Input for this task:
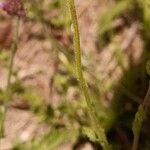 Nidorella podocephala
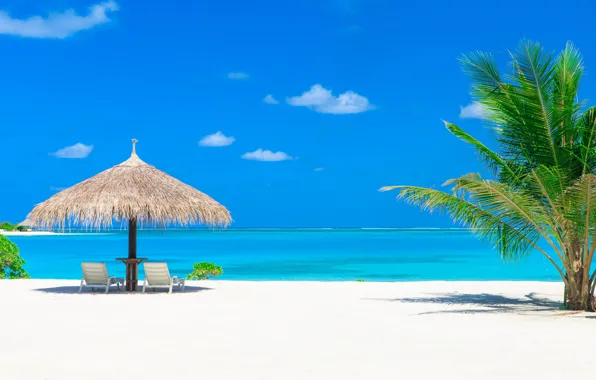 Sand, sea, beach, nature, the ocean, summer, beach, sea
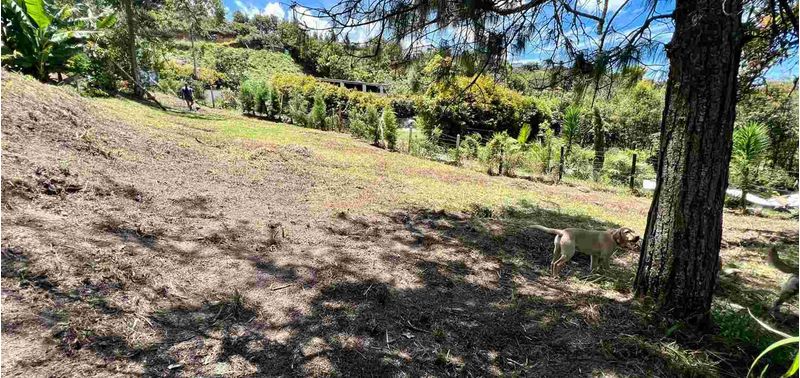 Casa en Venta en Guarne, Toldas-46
* * *
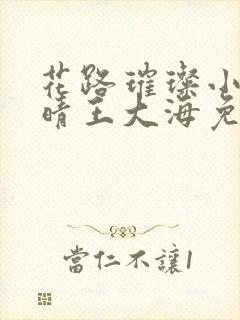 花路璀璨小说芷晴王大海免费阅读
---
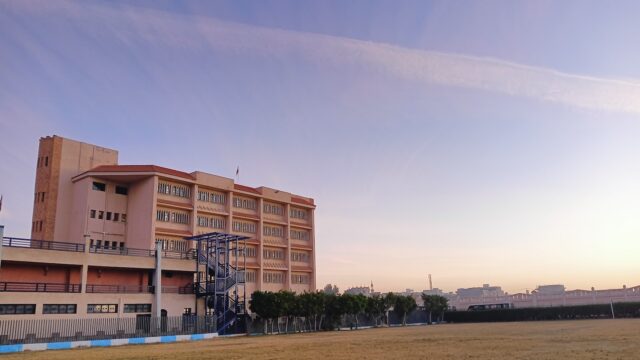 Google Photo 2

Work to complete: In the listing above, find the line with "Nidorella podocephala" and the line with "Casa en Venta en Guarne, Toldas-46". Copy both of them and every line between, exactly, but not the pictures.

Task solution:
 Nidorella podocephala
 Sand, sea, beach, nature, the ocean, summer, beach, sea
 Casa en Venta en Guarne, Toldas-46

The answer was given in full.